Adam Rose, Time, January 22, 2010

When Joz Wang and her brother bought their mom a Nikon Coolpix S630 digital camera for Mother’s Day last year, they discovered what seemed to be a malfunction. Every time they took a portrait of each other smiling, a message flashed across the screen asking, “Did someone blink?” No one had. “I thought the camera was broken!” Wang, 33, recalls. But when her brother posed with his eyes open so wide that he looked “bug-eyed,” the messages stopped.

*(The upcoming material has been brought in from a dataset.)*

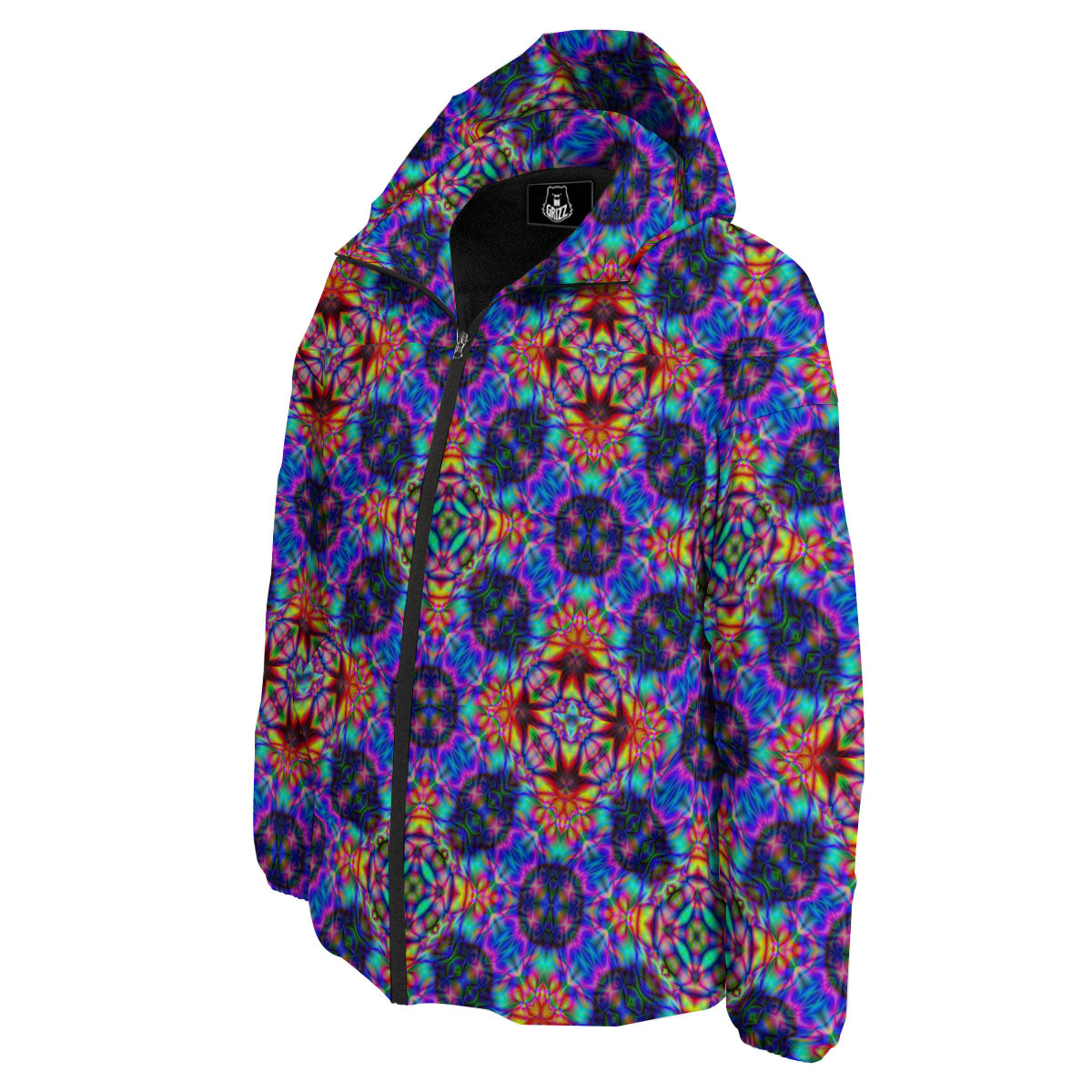 Kaleidoscope Rainbow Print Pattern Down Jacket-grizzshop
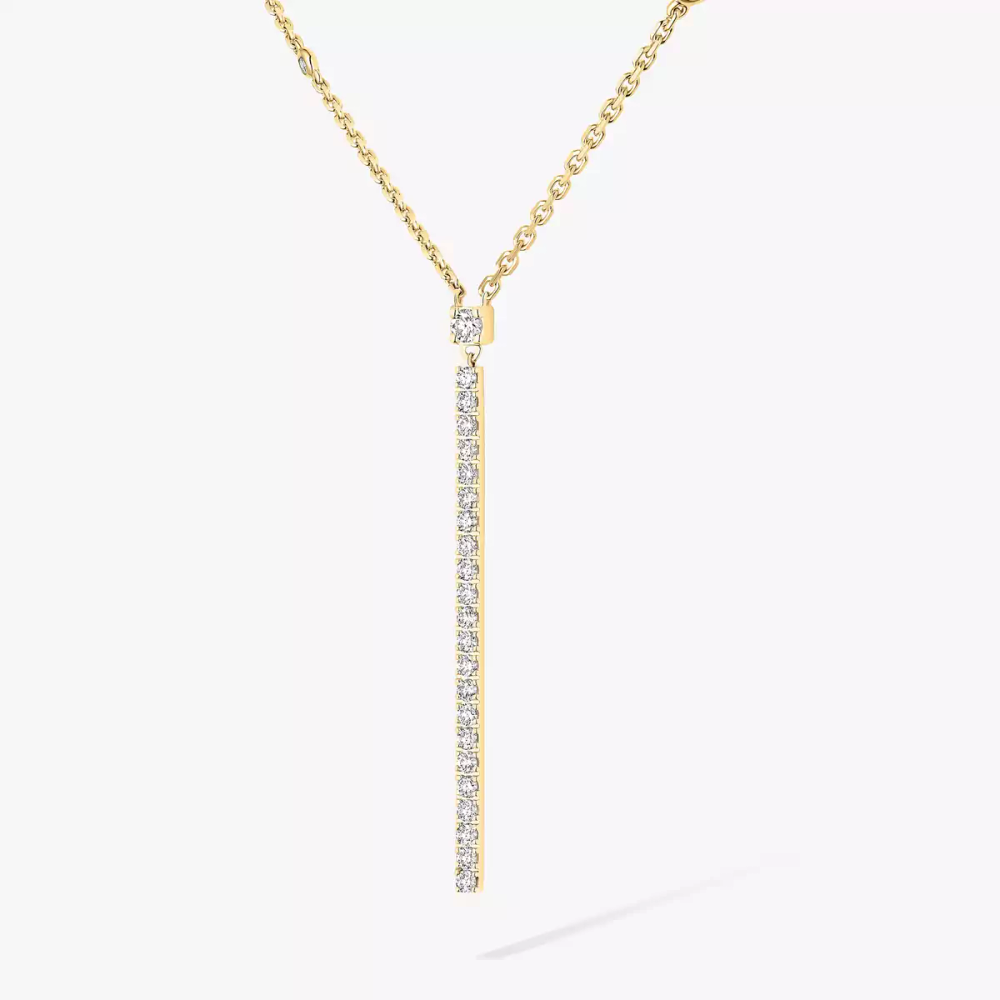 Gatsby Barrette Verticale Collier Diamant Or Jaune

Wang, a Taiwanese-American strategy consultant who goes by the Web handle “jozjozjoz,” thought it was funny that the camera had difficulties figuring out when her family had their eyes open. So she posted a photo of the blink warning on her blog under the title, “Racist Camera! No, I did not blink. . . . I’m just Asian!” {snip}

Nikon isn’t the only big brand whose consumer cameras have displayed an occasional–though clearly unintentional–bias toward Caucasian faces. Face detection, which is one of the latest “intelligent” technologies to trickle down to consumer cameras, is supposed to make photography more convenient. Some cameras with face detection are designed to warn you when someone blinks; others are programmed to automatically take a picture when somebody smiles–a feature that, theoretically, makes the whole problem of timing your shot to catch the brief glimpse of a grin obsolete. Face detection has also found its way into computer webcams, where it can track a person’s face during a video conference or enable face-recognition software to prevent unauthorized access.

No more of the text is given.